さて困った、というのが写真トップの車。メーカー名が判らない。が、アメリカのショーモデル。いうなれば”ドリームカー”。少し目的は違うようだが、今様の言い方をすればコンセプトカーと同類だ。

昔、世界最大の自動車生産国で世界最大の消費国アメリカの自動車ショーは、それは華やかで、世界の注目を集め、アメリカの各社がこぞって展示したのがドリームカーだった。

WWⅡで連合軍勝利の原動力となったアメリカは、戦後の世界経済を主導し、世界中の富が集まったかのように活気づき、優れた商品を洪水のように世界に供給したものである。

兵器生産から本業に戻った自動車産業も、続々と光り輝く大型乗用車を供給したが、それが最も充実していたのが、50年代、60年代だった。

ショーを飾り、見る人達をわくわくさせ、夢を持たせるドリームカーのほとんどは、景気の良いアメリカ企業から、イタリアのカロッツェリアに発注された。

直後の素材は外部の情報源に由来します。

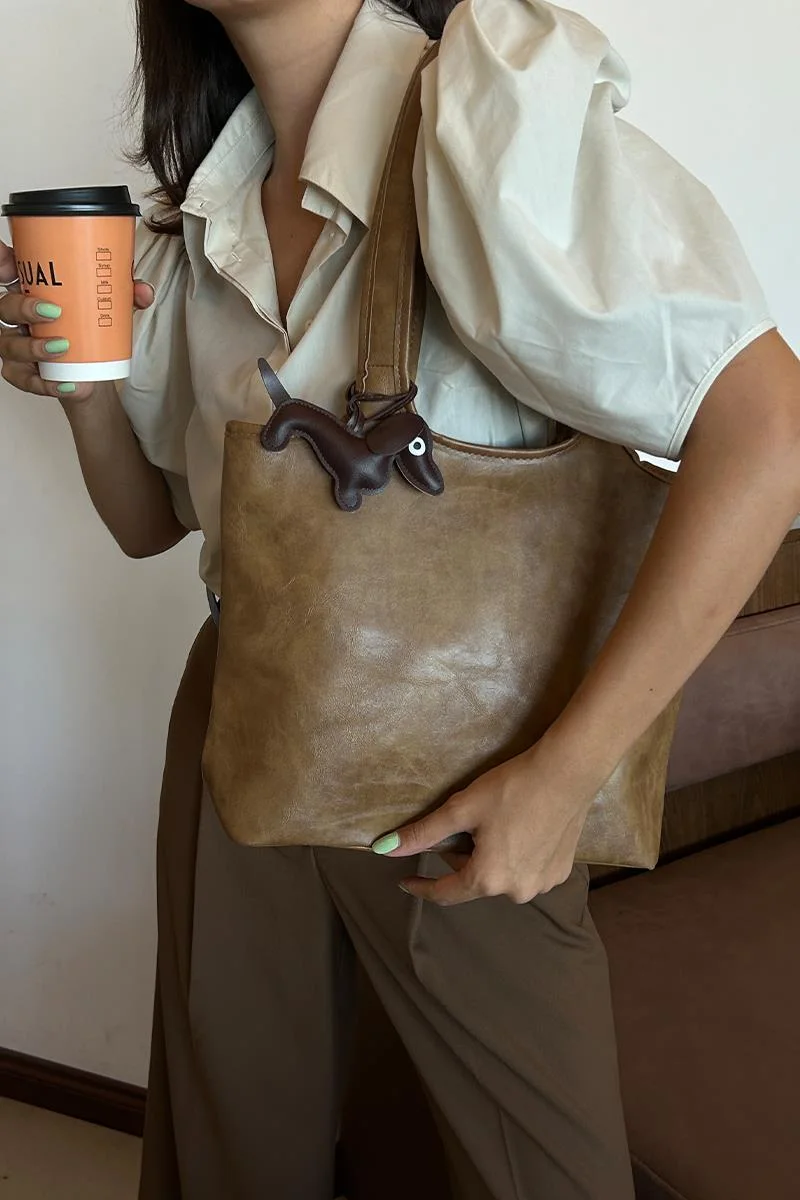faux leather shoulder bag in taupe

御承知のようにカロッツェリアは、王侯貴族金満家御用達の特注品製作が商売だったが、戦後の欧州では旧来の金満家からの発注が激減、青息吐息の所に新興金持ち国からの発注は、恵みの雨のようだったろう。

当時の貧乏国日本でそんな車を見ることは皆無だったが、アメリカの天然色印刷の自動車雑誌を手に入れては、溜息をつきながら見入ったものである。

写真の車はそんな時代が到来する初期の作品と思われる。が、同時代の金持ちが注文の一台限りの作品かも知れない。というのも手元の資料の中に、この車の資料が見当たらないからだ。

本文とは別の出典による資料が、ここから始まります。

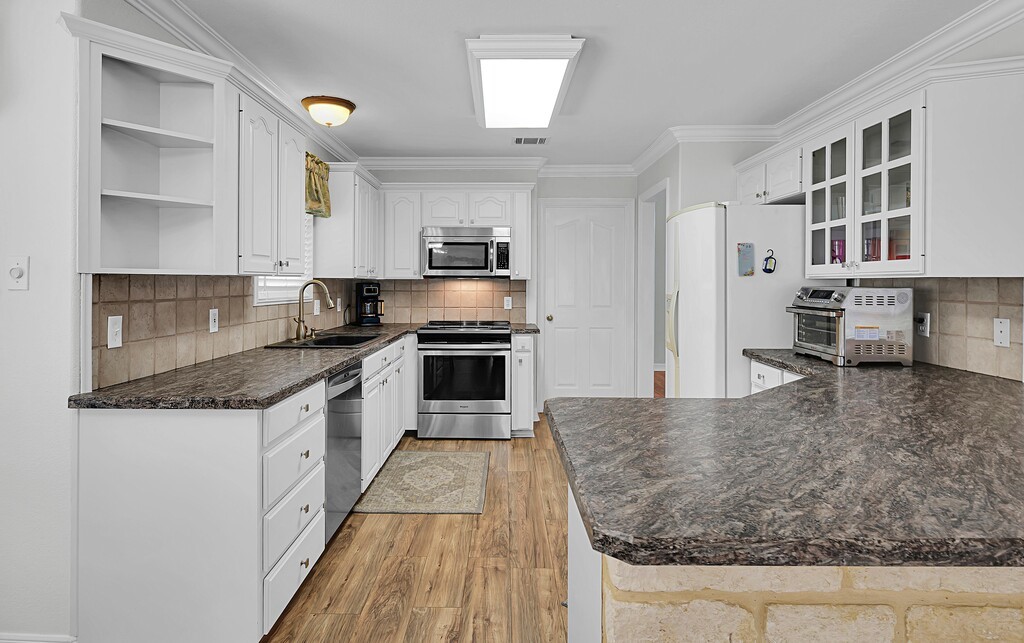 621 South Ruidoso Downs Drive Robinson, TX 76706 - Photo 10 of 41 a large kitchen with granite countertop a sink and dishwasher a stove top oven with wooden floor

年代的には、50年頃だろう。前窓が二枚に分かれていること(数年後にはガラスはワンピースになっている)。記憶では51年のGMビュイックのドリームカー、ルサーブル(ラセイバー)に似ている。

また、先端のジェット戦闘機の吸気口もどきは、売り出してから、前後が判らないと大きな話題を提供したスチュードベイカーや49年型フォードそっくりだ。

いずれにしても50年直前からアメリカ車が好んで選んだモチーフは、朝鮮戦争で初登場、ソ連製ミグ戦闘機と戦った強いジェット戦闘機である。

ソ連製ミグ15戦闘機:中国人パイロットがF86を初めて撃墜した記念すべき機体。北京航空博物館に展示。パイロットは未だ存命のようである

またリアフェンダーにも吸気口があり、こいつは後のキャデラックに取り込まれている。バンパーのイメージは私の記憶のルサーブルだから、この車、もう一台ルサーブルがあったのかも知れない。

とにかく、今回は訳の判らない車の話で失礼しました。